For many years, the most sophisticated theatrical events to occur in the Salt Lake Wilford Stake were traditional road shows. Every once in a while there was a sparkle of opportunity, with an occasional musical written by a talented stake member but, for the most part, there were few outlets within the stake organization for expression of theatrical and musical talents.
Then, about eight years ago, while David Mayfield was stake president, he came to see a production of "You're a Good Man, Charlie Brown" in one of his wards. Following the show, he asked if something similar could be done at a stake level. The director, Craig Camp, was called as the stake cultural arts specialist, and within a year the stake mounted a production of "Pirates of Penzance," surprising stake and community members.

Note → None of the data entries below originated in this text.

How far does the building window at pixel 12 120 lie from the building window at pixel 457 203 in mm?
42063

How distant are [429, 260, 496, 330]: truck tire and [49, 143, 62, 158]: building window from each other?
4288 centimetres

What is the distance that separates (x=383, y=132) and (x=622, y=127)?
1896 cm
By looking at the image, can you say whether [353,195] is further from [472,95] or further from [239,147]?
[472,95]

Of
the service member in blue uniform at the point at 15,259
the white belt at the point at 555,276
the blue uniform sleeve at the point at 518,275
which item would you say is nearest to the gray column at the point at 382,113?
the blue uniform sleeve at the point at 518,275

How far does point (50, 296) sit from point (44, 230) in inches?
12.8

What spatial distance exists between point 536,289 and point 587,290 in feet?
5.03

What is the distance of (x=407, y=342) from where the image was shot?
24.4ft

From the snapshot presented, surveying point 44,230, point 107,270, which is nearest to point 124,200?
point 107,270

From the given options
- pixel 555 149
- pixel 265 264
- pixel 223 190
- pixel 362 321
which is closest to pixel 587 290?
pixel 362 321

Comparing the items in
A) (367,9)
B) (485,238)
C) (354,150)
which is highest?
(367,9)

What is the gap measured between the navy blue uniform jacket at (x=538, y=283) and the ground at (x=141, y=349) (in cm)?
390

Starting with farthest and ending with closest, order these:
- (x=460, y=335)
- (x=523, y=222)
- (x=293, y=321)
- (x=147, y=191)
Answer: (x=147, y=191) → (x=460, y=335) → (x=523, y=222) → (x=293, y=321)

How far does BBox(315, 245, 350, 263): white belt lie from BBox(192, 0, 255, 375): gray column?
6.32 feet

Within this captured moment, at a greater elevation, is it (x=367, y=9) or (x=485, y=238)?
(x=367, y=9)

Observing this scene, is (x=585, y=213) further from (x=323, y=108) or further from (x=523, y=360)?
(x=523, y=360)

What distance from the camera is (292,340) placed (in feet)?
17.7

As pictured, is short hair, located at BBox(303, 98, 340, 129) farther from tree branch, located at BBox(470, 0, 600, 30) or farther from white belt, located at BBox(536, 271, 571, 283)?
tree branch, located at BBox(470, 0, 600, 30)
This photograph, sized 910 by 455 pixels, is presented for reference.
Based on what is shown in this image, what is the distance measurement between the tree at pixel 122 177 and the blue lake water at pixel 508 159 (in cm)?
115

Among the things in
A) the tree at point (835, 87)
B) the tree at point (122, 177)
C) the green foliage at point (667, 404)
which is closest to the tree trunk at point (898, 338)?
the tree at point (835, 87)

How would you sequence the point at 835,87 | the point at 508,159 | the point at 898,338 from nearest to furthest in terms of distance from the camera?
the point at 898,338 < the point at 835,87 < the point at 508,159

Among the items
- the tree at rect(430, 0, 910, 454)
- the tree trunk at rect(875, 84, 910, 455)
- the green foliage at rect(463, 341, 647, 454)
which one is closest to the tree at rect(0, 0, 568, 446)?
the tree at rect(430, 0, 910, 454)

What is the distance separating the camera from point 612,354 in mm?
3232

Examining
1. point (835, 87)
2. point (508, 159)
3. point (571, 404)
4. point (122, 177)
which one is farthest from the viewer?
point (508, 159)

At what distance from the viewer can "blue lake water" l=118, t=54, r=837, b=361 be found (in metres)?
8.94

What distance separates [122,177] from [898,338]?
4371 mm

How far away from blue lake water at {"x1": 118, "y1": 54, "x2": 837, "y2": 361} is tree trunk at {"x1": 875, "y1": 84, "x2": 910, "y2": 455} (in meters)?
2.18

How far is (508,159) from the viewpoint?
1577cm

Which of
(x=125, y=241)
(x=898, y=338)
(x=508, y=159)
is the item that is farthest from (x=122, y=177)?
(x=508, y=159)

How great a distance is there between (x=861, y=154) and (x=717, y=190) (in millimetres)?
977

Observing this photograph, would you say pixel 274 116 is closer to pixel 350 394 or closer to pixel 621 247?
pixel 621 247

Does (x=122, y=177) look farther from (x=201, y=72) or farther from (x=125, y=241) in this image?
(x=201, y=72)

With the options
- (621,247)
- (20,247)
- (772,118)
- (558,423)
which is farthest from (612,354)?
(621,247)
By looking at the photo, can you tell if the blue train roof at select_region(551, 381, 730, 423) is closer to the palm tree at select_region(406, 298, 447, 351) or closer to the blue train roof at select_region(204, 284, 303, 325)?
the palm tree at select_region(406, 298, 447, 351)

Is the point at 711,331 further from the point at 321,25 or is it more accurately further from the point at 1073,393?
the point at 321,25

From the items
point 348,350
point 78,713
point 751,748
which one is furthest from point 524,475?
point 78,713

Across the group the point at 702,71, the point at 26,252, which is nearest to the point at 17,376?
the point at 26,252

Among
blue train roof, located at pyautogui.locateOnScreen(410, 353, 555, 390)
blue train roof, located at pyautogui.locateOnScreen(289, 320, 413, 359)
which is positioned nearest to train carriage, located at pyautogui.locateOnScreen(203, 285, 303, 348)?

"We were stunned by the vocal quality we found right here in our own stake," said assistant director Heidi Camp, Craig's wife. "Musically, 'Pirates' is a pretty tough piece, and we were bowled over by the voices we heard in auditions."
The production was followed two years later with "Scrooge!" which incorporated a cast of more than 70 singers, dancers, costumers and scenic designers playing to a full house each night.
The stake plays quickly became a tradition, with more and more individuals wanting to participate. Brother Camp surrounded himself with a solid production team, including a costumer, musical director, choreographer and production manager. The group has been together through each of the shows.
Endeavoring to increase involvement, the Camps next took on "Joseph and the Amazing Technicolor Dreamcoat" with a full band directed by Carolyn Creer and a cast of more than 150, including a 50-strong children's chorus.
"Many people thought we were nuts to try to pull this show off in a Church setting," Brother Camp said. "There was concern about the 'worldliness' of the script and music, and we received several comments about whether or not this was an appropriate theatrical selection for a Church production."
He contended that the show itself was not worldly, rather it was the various interpretations of the show that had become more or less inappropriate. After months of prayerful consideration, the production team settled on an approach that would work for the stake audience. The show was set as a Primary "sharing time" with the "sharing-time leaders" taking the role of the narrator and telling the story with oversized flannel board figures to the "Primary" (the children's chorus and the audience).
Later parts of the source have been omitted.